La sua anima si avvicinò al Corpo, gloriosa, ripiena di potenza divina, sublimata dalla divina volontà che aveva perfettamente compiuta; guardò il Corpo esanime e piagato, lo amò perché era stato olocausto pieno di amore per la divina gloria; lo desiderò, perché non poteva abbandonarlo alla corruzione, essendo esso innocentissimo e santo. Vide il Sangue che ancora lo copriva, e vide quello che s'era sparso, si ordinò di nuovo al Corpo ed al Sangue suo, poiché la Persona divina v'era ancora congiunta, com'era congiunta a lei.
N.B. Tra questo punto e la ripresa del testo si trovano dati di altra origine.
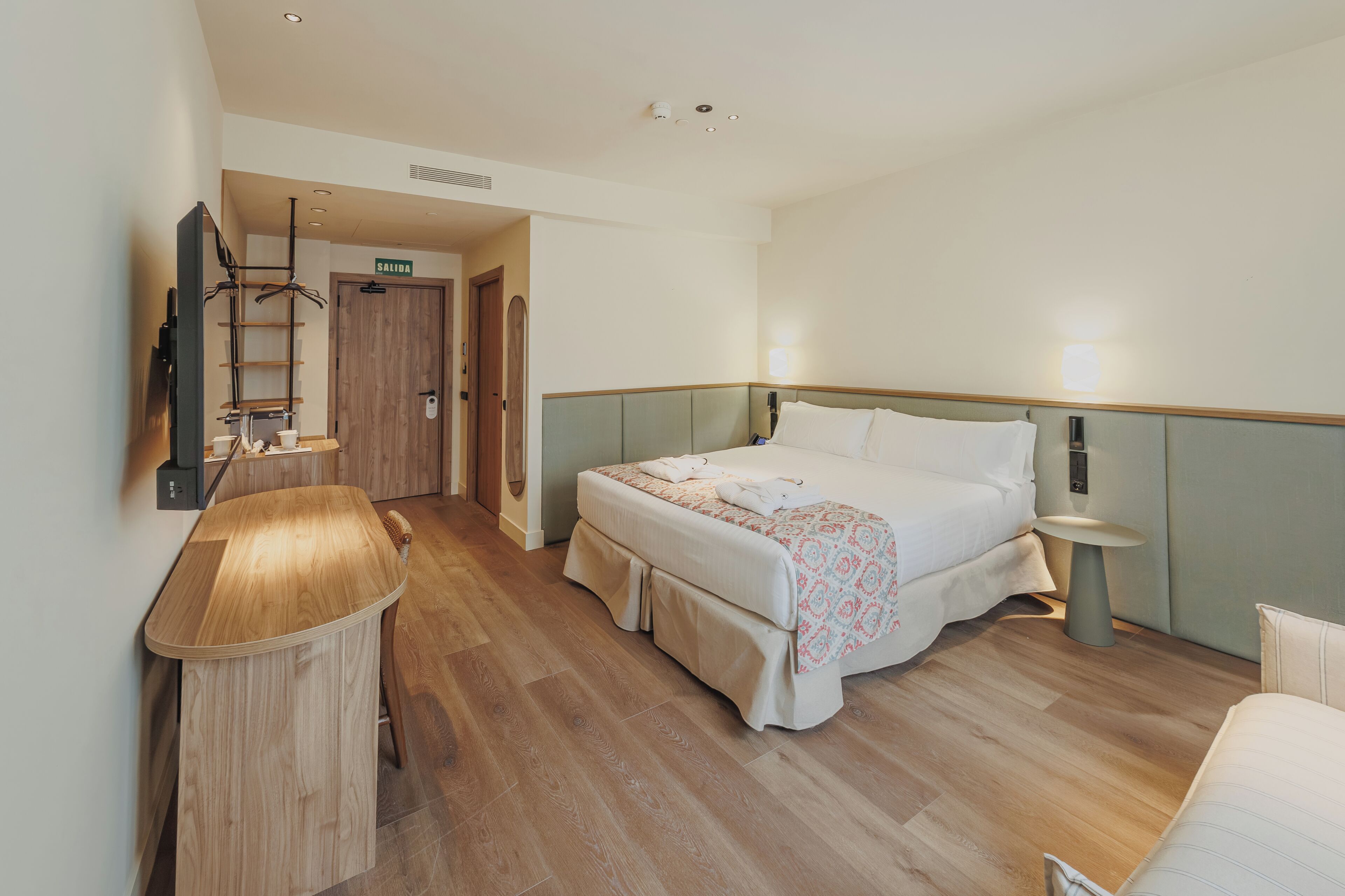A hotel room with a bed, bedside tables, a desk, a chair, a wardrobe, and a mirror.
Non poteva essere separata più da quella unità, poiché la Persona divina traeva l'anima verso il Corpo ed il Sangue, ed il Corpo e il Sangue verso l'anima. Fu come una consacrazione; l'anima disse: Questo è il mio Corpo, questo è il mio Sangue, ed il Corpo non mutò di sostanza ma di forma, si ricostituì in un istante, e da cadavere divenne addormentato, col Sangue vivo che rigurgitava già nel cuore e nelle vene ed aspettava il pulsare della vita per circolare. Fu un istante solo; l'Anima rientrò nel Corpo e lo informò nuovamente, comunicandogli la gloria che l'avvolgeva, ed il corpo, come oro volatilizzato da una grande fiamma, fu tutto spirituale. Era avvolto dalle bende; il Cuore pulsò amando, e come onda gioiosa il Sangue si riversò nelle vene e raggiunse il cervello, che si rischiuse lodando il Padre, come fiore che si riapre al sole mattutino e dà la sua fragranza.
Quel Corpo sgusciò quasi tra le bende, passandole in un attimo, quasi fosse una nube di luce, od un fascio di raggi splendenti. Si levò adorando, e tutta la sua umanità cantava come arpa dalle corde di oro fulgente, cantava ringraziando il Padre del suo trionfo.
L'angelo come folgore scese dal cielo, e con Lui una turba gioiosa; con un atto di volontà si volse alla terra ed essa tremò, si volse al macigno ed esso ribaltò come fuscello trasportato dal vento, infrangendo i suggelli.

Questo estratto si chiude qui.